• [Given information]:
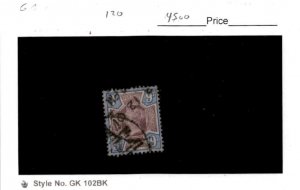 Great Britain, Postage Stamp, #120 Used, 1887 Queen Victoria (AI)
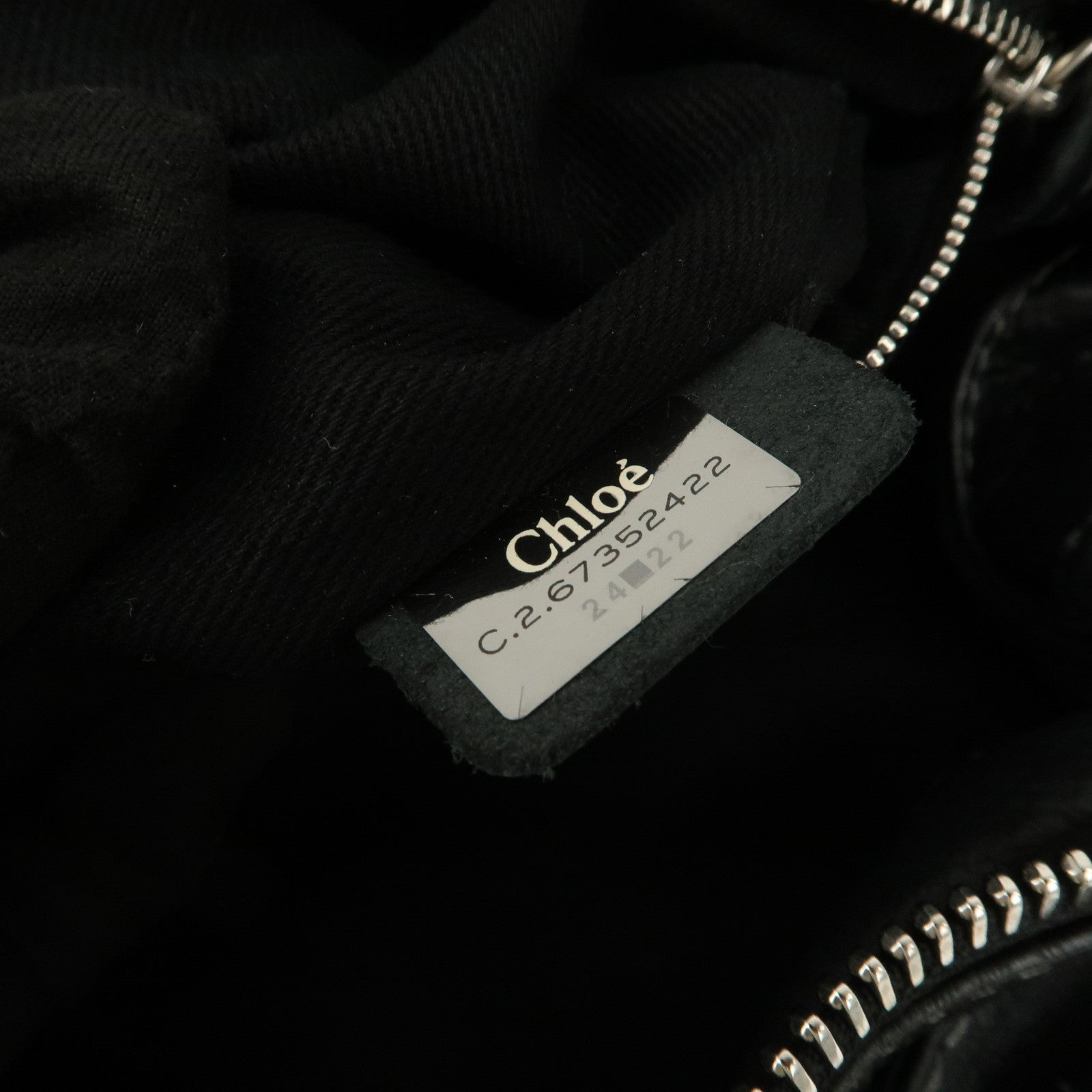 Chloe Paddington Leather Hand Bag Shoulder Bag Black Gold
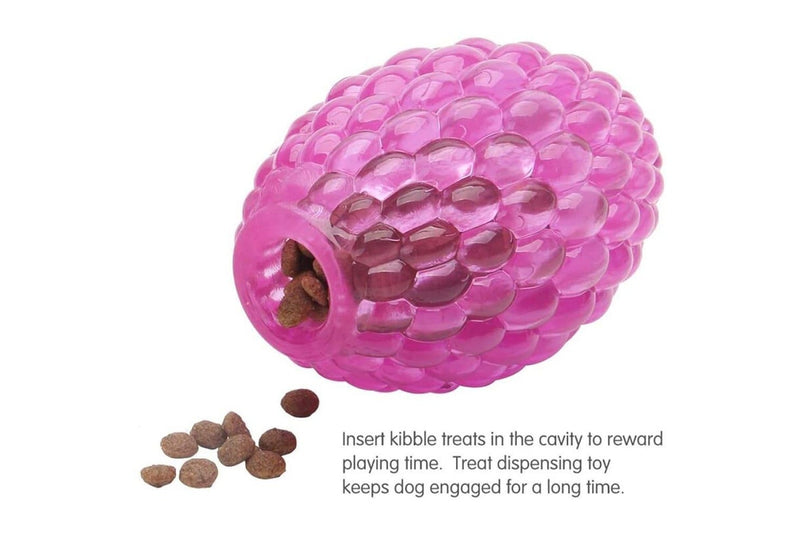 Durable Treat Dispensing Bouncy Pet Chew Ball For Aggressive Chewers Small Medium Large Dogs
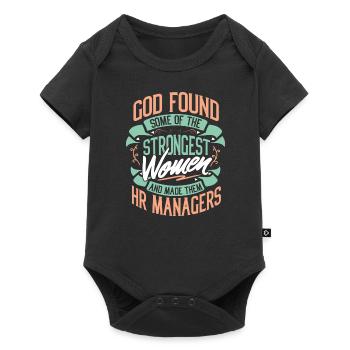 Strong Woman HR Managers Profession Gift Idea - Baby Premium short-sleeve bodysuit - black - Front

• [Task to carry out]: Reproduce word for word the lines from the line holding "Chloe Paddington Leather" through the last line of the material above, inclusive, and keep pictures out of it.

• [Response to this exercise]:
 Chloe Paddington Leather Hand Bag Shoulder Bag Black Gold
 Durable Treat Dispensing Bouncy Pet Chew Ball For Aggressive Chewers Small Medium Large Dogs
 Strong Woman HR Managers Profession Gift Idea - Baby Premium short-sleeve bodysuit - black - Front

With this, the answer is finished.